How to End Segregated Proms Once And For All

Culture

The Brown v. Board Supreme Court decision ending segregation in schools was handed down in 1954 and the year is currently 2013. It would be reasonable to think that segregation no longer exists in schools in the United States of America. However, one night a year in Wilcox County, Ga., segregation rules the day, as white students and African American students head off to different proms to celebrate separately.

This isn’t the first year or the first place where we’ve heard about this embarrassing and antiquated phenomenon. School administrators argue that since proms are privately funded, often by parents, there is little they can do to address the situation. When the school recently attempted to host a school-sponsored prom, efforts failed and a school sponsored prom in 1995 had low attendance. Since the proms are private events school administrators have argued the events are our of their jurisdiction when federal law enforcement has taken an interest in these events.  Former GOP Legislator Matt Towery has argued in the past that while the events may be privately funded, they still break the law because the events are largely organized on the school’s campus and use the brand name of the high school, both which are paid for by local taxpayers.

When an African American student was elected homecoming queen this year, she was barred from attending a private, white homecoming. That’s when a group of African American and white students declared enough was enough. They publicly declared the segregated proms an embarrassment. The students, an interracial group of girls who have been friends since 4th grade, began to work to organize an integrated prom. When the teens addressed the school board, they were given the same old tired defense about being unable to stop private events. Using social media and barbecue plate fundraisers the girls raised enough money to hold their own interracial prom. “If we don’t change it nobody will,” Keela Bloodsworth, one of the fundraisers, has been quoted saying.

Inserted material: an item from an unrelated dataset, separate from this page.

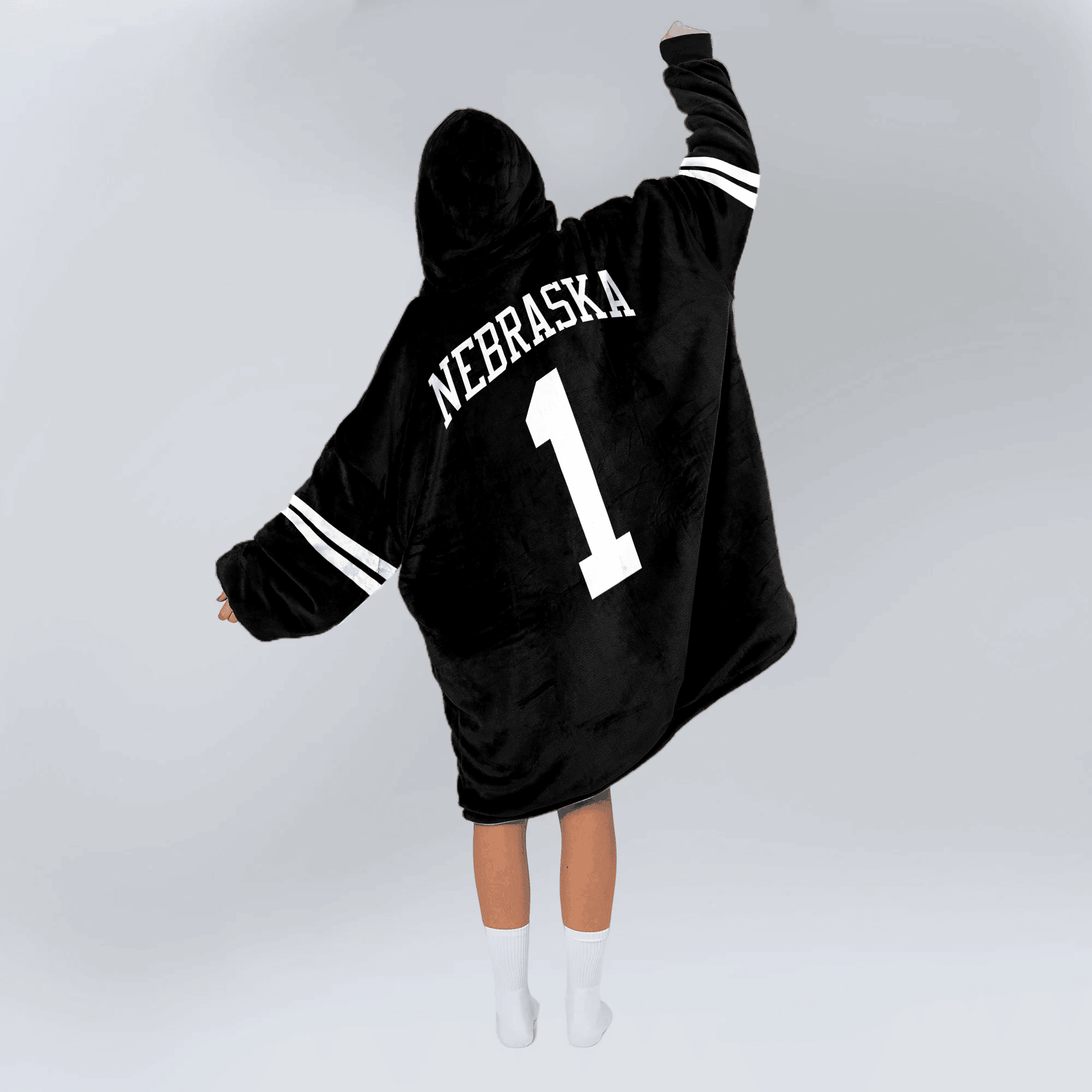 Adult 1 Nebraska Football Unisex Blanket Hoodie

Thanks to these teenagers, their high school's first integrated prom will be held this April.

These girls are brave and they faced resistance from some in of their community. School administrators should have been standing with them. Instead, the school has been busy trying to justify its own behavior.

“Instead of attacking our school system, its employees, and our community, we ask for your support and prayers as we seek to right the wrongs of the past and be the adults our children look up to,” reads a statement from the school’s website.

This response is as embarrassing as the segregated proms themselves. The attempt to take the moral high ground by accusing the media of “attacking” the school is ludicrous. The administrators of this school will never be the “adults our children look up to” as long as the they lack the bravery to tackle racism and push for change.

There is a simple solution to end the segregated proms forever. Ban the private proms. Any student found attending a private prom or organizing a private prom should be banned from walking on stage at graduation. The regulation of student behavior outside of school hours is a standard practice at many schools which hold codes of ethics that would stop kids from walking at graduation if they were caught drinking, or would ban them an athletic team for a similar infraction. It’s time to apply the same logic to prom.

There should be one prom for one school, which is funded by the student body and their parents. Instead of parents contributing to and organizing private events, they can spend their time working together with students for one event for the whole community. They won’t have the option of creating excuses to continue on in the old ways, not if they want their children to attend a prom. Some parents will be angry and will refuse to participate, but it will finally end this embarrassing and divisive practice. There will be backlash, change is hard. School administrators should be as brave as the teenagers they are attempting to educate. They could stand to learn from their students.